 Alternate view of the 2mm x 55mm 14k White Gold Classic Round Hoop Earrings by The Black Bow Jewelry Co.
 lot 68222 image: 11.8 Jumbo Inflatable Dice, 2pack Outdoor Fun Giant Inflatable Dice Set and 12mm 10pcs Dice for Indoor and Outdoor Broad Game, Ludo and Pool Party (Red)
- - -
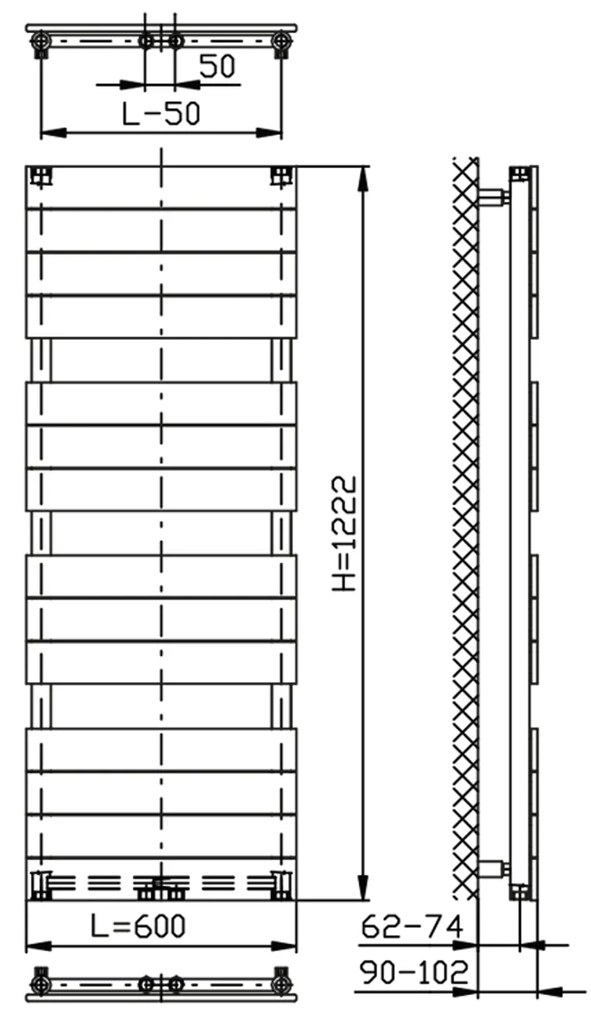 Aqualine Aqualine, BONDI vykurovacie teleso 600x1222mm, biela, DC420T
- - -
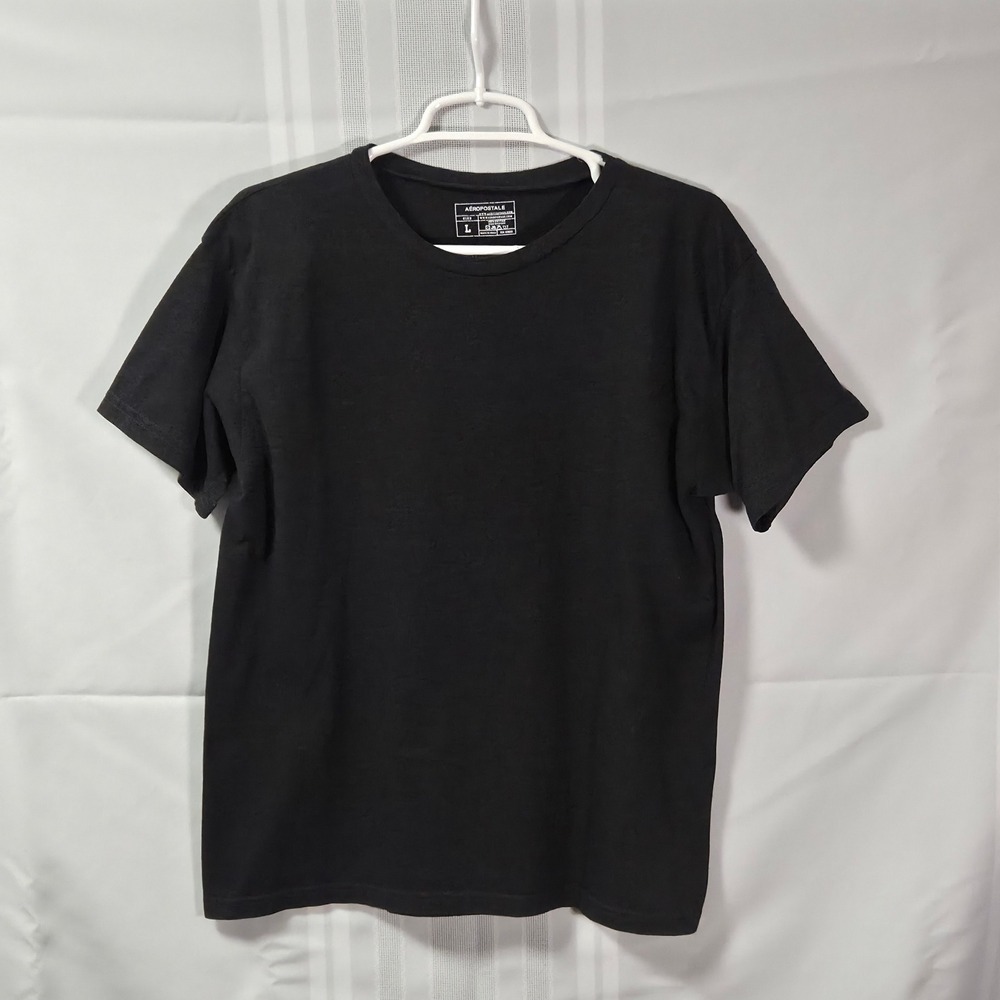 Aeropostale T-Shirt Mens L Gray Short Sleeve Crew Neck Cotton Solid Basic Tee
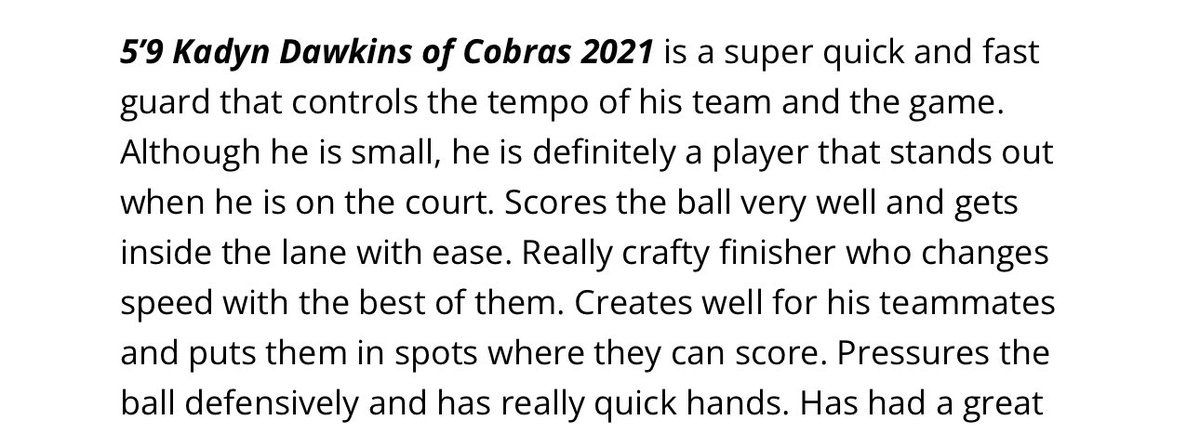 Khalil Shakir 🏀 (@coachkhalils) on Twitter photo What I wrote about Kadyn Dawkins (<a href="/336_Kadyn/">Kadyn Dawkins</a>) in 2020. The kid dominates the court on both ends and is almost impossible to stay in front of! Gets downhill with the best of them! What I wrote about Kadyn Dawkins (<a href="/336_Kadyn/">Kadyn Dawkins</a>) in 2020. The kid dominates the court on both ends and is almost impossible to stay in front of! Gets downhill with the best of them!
- - -
TASK GOAL:
After locating the line holding "Alternate view of" above, output exactly that line and every line after it through the line holding "lot 68222 image: 11.8". Include nothing else.

OUTPUT:
 Alternate view of the 2mm x 55mm 14k White Gold Classic Round Hoop Earrings by The Black Bow Jewelry Co.
 lot 68222 image: 11.8 Jumbo Inflatable Dice, 2pack Outdoor Fun Giant Inflatable Dice Set and 12mm 10pcs Dice for Indoor and Outdoor Broad Game, Ludo and Pool Party (Red)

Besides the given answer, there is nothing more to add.